Exercise brief
I need the lines below from the one with "Radiateur auxiliaire" down to the one with "10 Hunger Games" reproduced exactly, both ends included, and nothing else.

Task inputs

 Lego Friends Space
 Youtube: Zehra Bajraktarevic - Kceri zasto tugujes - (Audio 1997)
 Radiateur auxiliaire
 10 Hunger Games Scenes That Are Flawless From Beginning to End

...

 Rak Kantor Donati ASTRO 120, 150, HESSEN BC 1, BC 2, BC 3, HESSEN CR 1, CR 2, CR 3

Response
 Radiateur auxiliaire
 10 Hunger Games Scenes That Are Flawless From Beginning to End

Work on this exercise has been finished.